Assignment:
Look below for the line with "古风：流行歌词垃圾泛滥，怎样杜绝？让音乐圈少一些平地惊雷！"; begin the copy there and stop after the line with "2575 Huckleberry Road", keeping the text exact and the pictures out.

Extracted records:
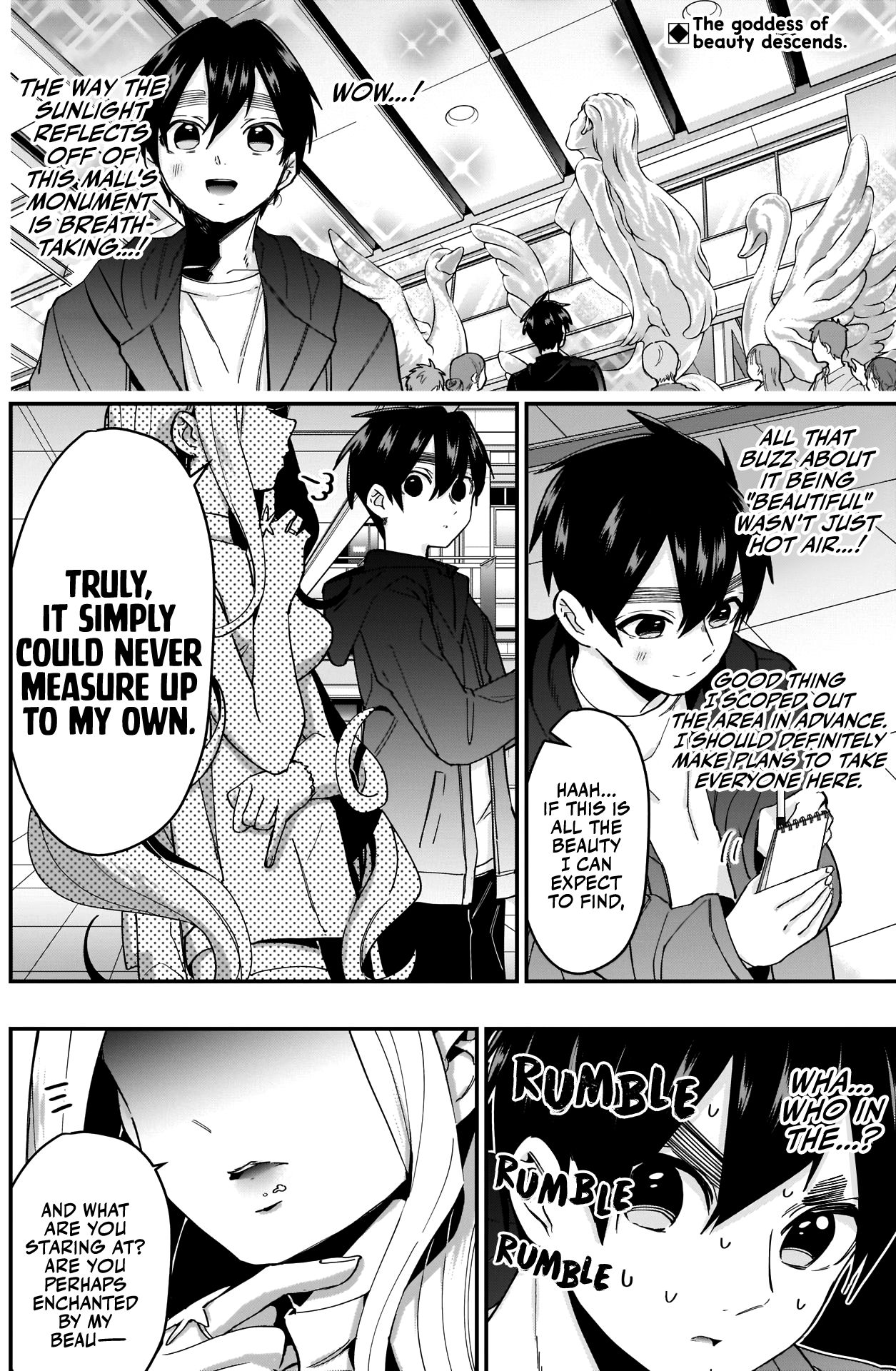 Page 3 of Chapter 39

---

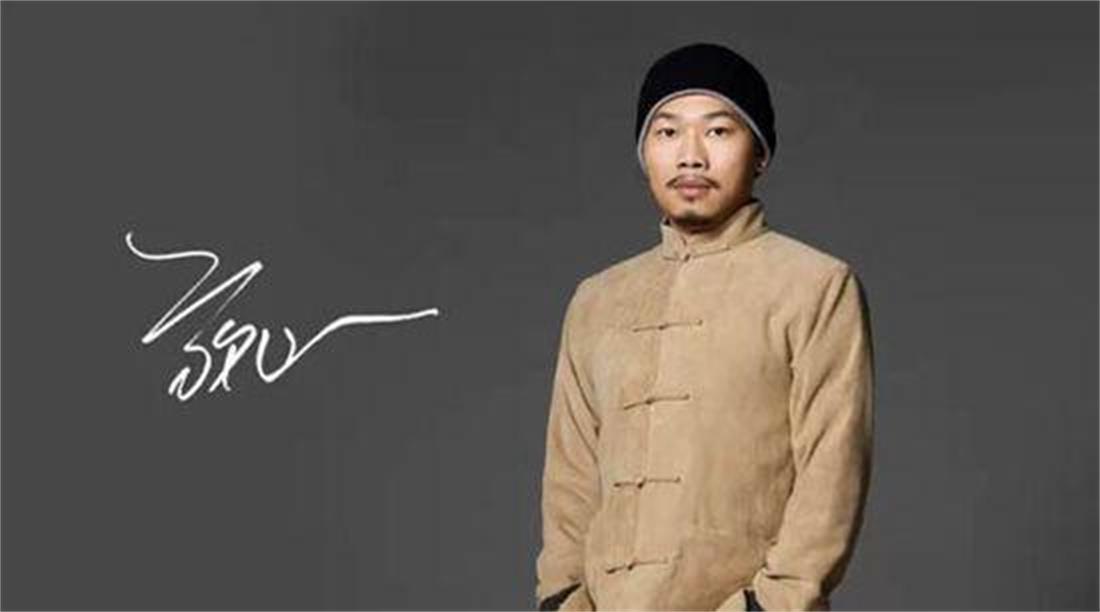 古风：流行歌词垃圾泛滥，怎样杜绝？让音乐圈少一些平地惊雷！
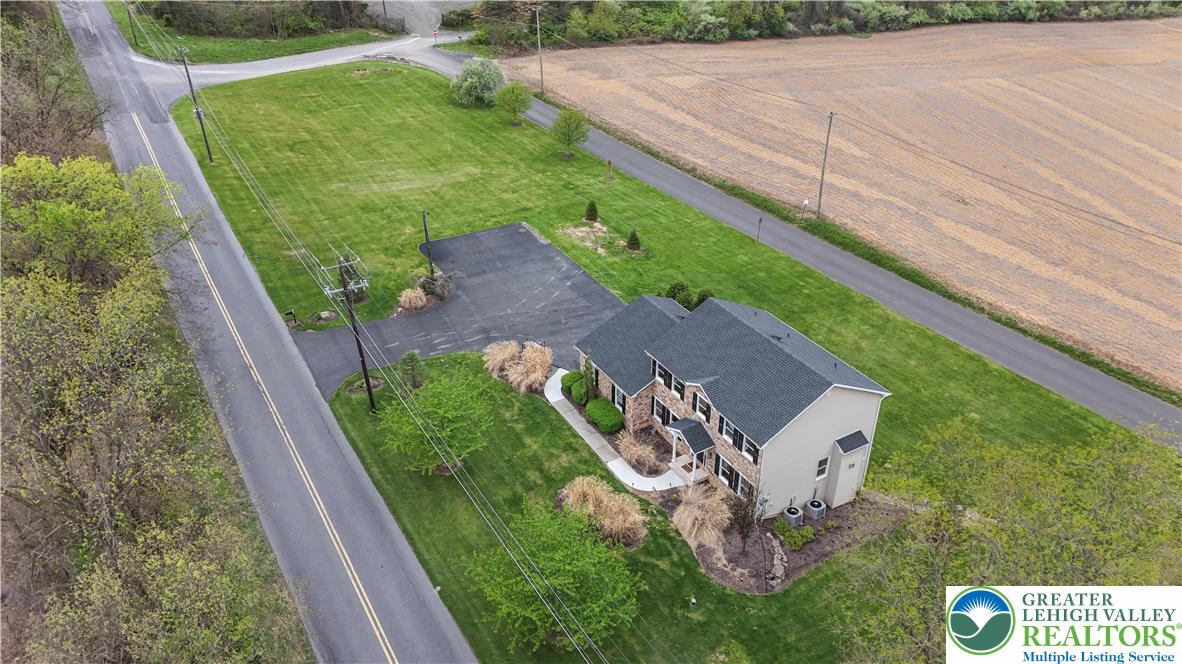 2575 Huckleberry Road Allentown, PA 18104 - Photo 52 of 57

--

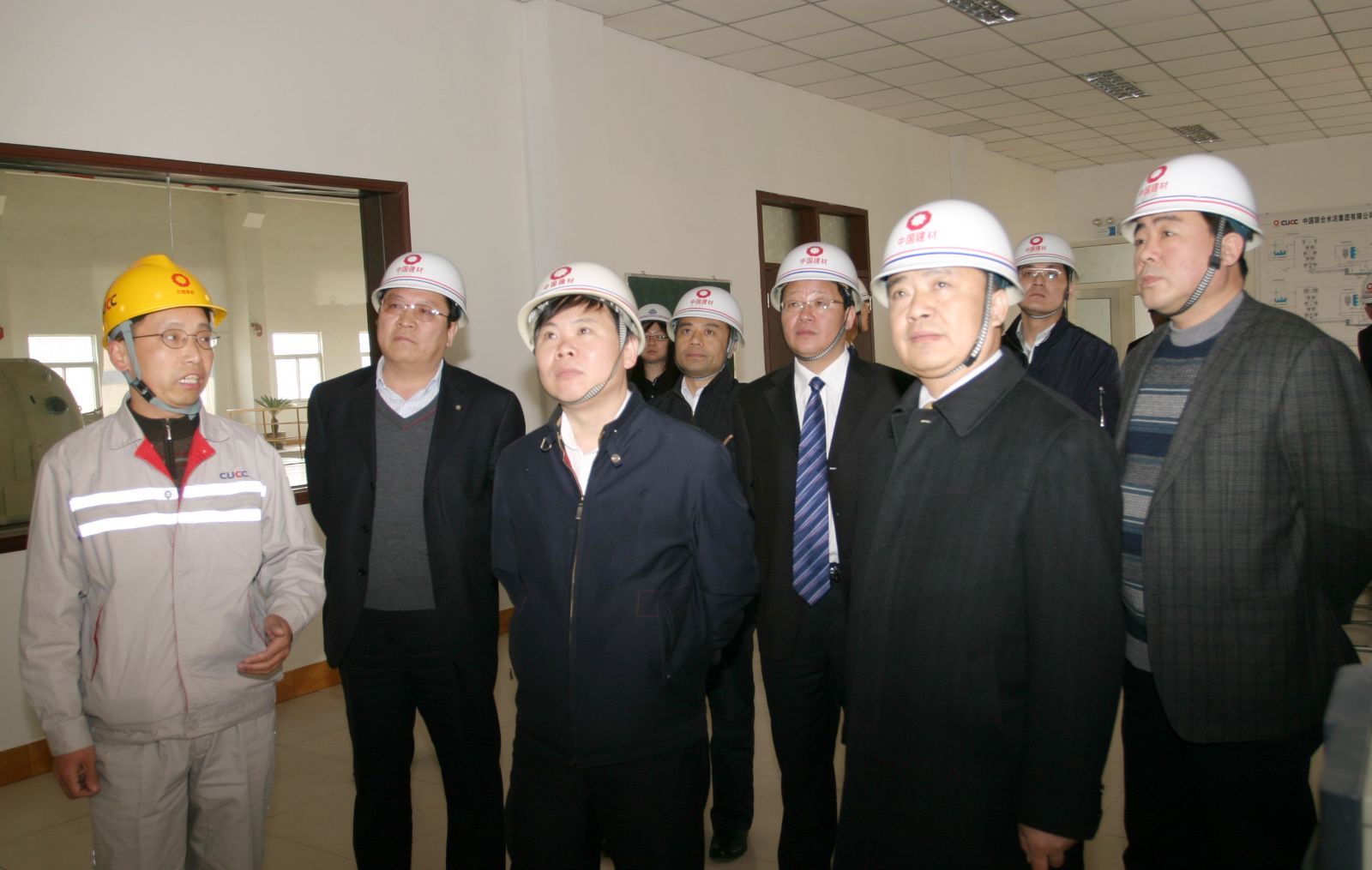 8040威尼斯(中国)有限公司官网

Your response:
 古风：流行歌词垃圾泛滥，怎样杜绝？让音乐圈少一些平地惊雷！
 2575 Huckleberry Road Allentown, PA 18104 - Photo 52 of 57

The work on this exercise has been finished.